---------- Data supplied

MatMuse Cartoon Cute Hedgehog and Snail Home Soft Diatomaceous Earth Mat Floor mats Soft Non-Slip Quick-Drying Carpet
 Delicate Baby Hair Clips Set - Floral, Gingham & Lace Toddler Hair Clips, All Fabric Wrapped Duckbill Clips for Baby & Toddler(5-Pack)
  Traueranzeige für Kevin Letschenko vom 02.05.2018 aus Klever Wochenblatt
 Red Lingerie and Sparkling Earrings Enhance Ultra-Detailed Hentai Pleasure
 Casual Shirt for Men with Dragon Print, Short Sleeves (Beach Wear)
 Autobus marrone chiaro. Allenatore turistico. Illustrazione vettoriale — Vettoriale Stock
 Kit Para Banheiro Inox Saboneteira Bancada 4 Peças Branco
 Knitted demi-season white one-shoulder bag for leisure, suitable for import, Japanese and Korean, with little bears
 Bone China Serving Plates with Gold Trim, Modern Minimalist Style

--------------------

** Task directions **
Copy from the line with "Knitted demi-season white" to the final line of the records, inclusive, and add nothing else.

** Result below **
 Knitted demi-season white one-shoulder bag for leisure, suitable for import, Japanese and Korean, with little bears
 Bone China Serving Plates with Gold Trim, Modern Minimalist Style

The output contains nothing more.